**EXERCISE**
Below are the records; give again exactly the lines from the one containing "Hei Titlebook: Frontiers" through the one containing "Ever meet the", leaving out pictures.

**SOURCE DATA**
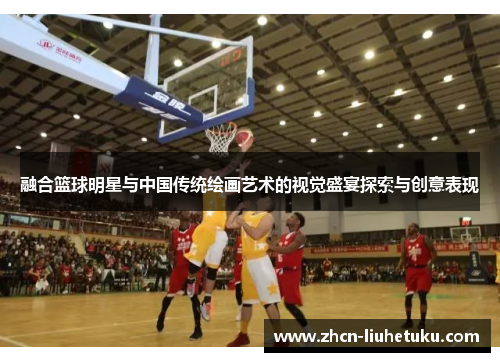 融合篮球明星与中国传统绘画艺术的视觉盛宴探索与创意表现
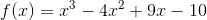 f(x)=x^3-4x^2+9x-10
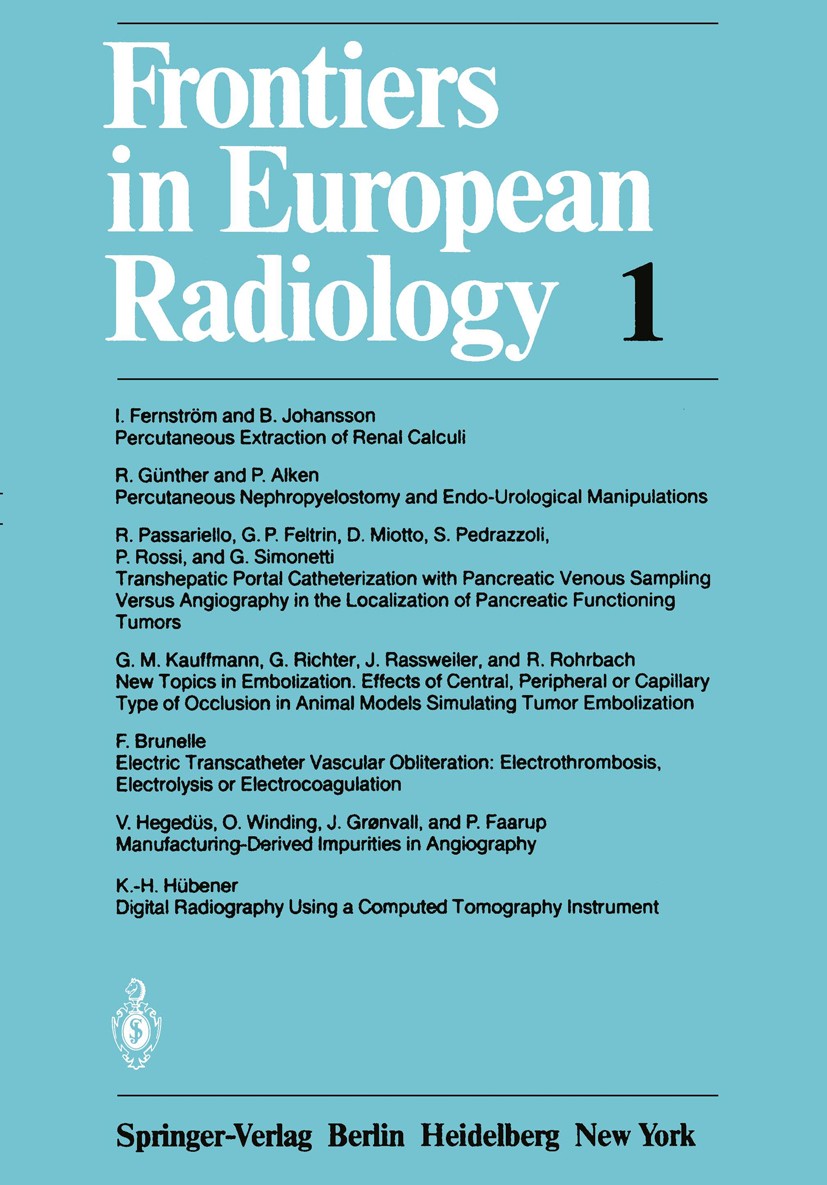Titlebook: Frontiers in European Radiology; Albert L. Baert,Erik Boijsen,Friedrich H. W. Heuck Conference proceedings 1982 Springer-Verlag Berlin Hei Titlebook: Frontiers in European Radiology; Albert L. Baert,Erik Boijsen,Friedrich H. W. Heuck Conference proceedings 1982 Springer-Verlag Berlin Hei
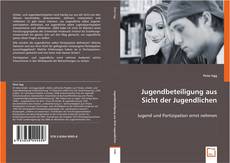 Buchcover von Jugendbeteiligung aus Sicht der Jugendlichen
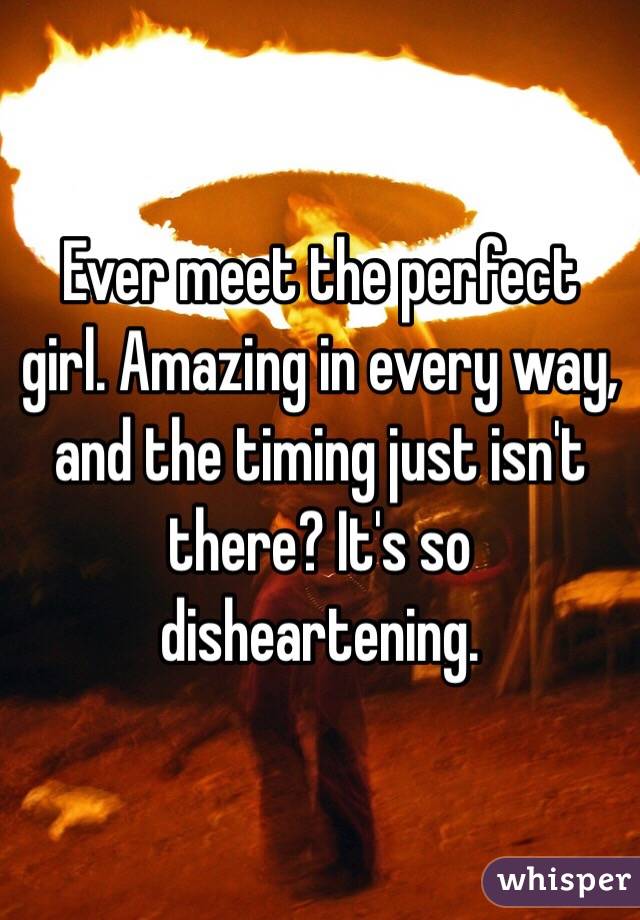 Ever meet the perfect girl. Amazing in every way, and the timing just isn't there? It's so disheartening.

* * *

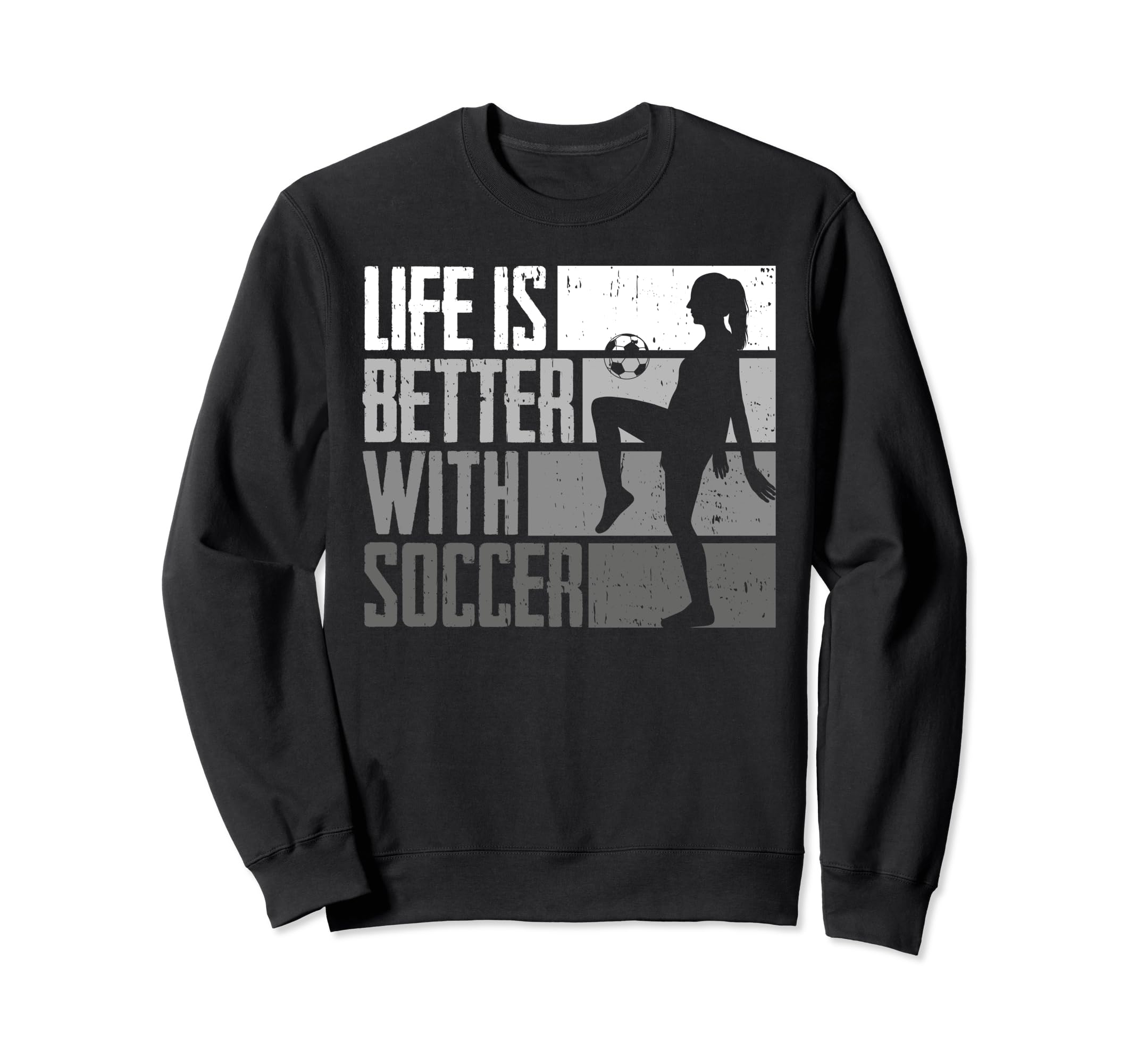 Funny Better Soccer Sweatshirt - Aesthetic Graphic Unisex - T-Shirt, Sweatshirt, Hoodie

==

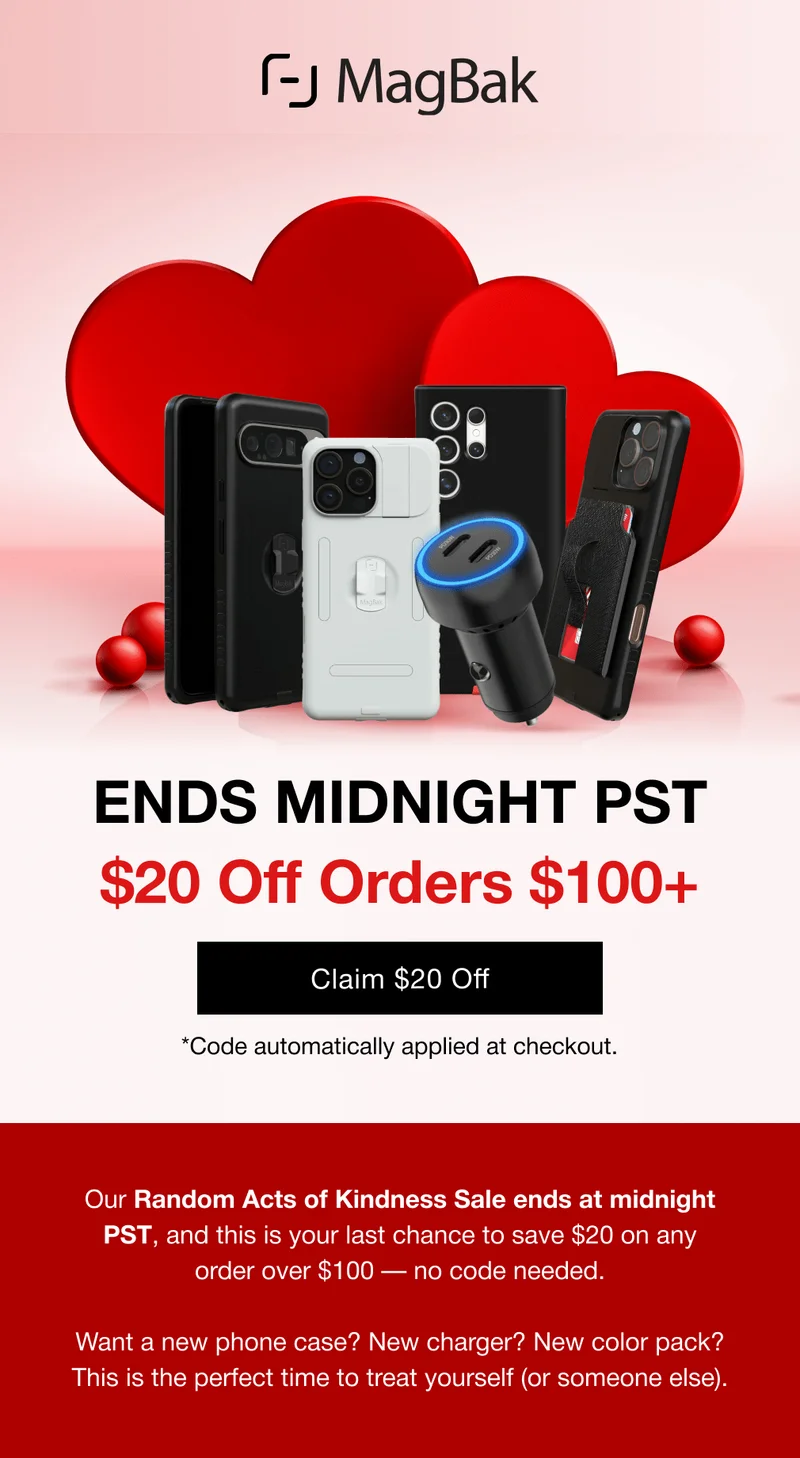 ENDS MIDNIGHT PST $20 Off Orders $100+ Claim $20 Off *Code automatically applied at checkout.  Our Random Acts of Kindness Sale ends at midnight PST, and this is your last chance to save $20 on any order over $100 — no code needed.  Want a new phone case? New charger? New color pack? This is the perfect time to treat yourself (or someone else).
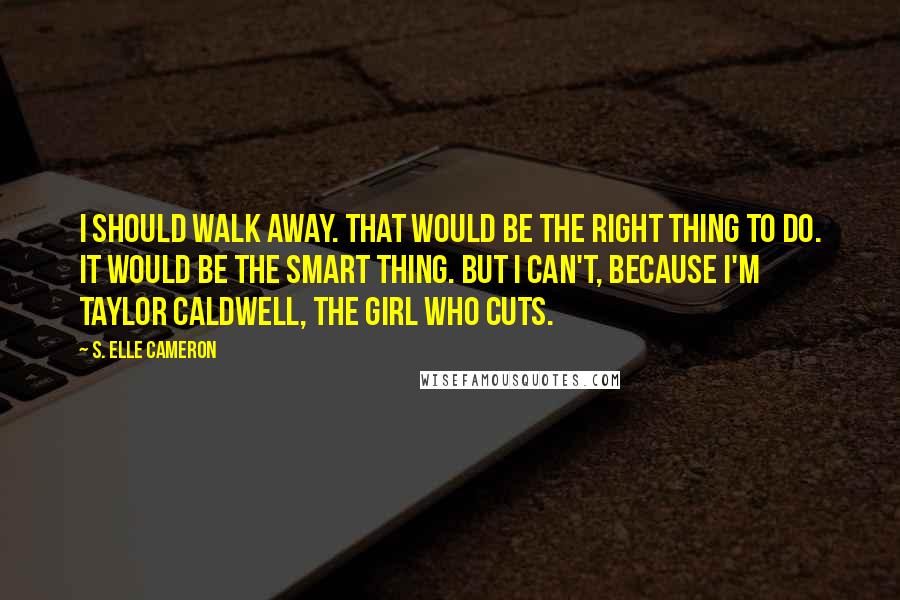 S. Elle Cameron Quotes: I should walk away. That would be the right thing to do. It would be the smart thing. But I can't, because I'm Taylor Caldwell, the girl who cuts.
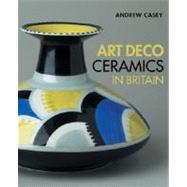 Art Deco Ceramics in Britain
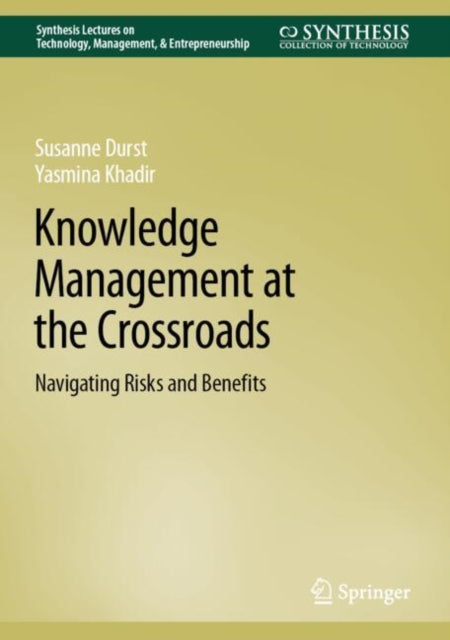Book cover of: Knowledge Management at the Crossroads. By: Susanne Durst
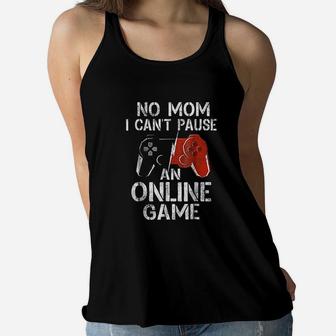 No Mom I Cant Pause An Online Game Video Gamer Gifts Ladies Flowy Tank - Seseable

**RESPONSE AREA**
Titlebook: Frontiers in European Radiology; Albert L. Baert,Erik Boijsen,Friedrich H. W. Heuck Conference proceedings 1982 Springer-Verlag Berlin Hei Titlebook: Frontiers in European Radiology; Albert L. Baert,Erik Boijsen,Friedrich H. W. Heuck Conference proceedings 1982 Springer-Verlag Berlin Hei
 Buchcover von Jugendbeteiligung aus Sicht der Jugendlichen
 Ever meet the perfect girl. Amazing in every way, and the timing just isn't there? It's so disheartening.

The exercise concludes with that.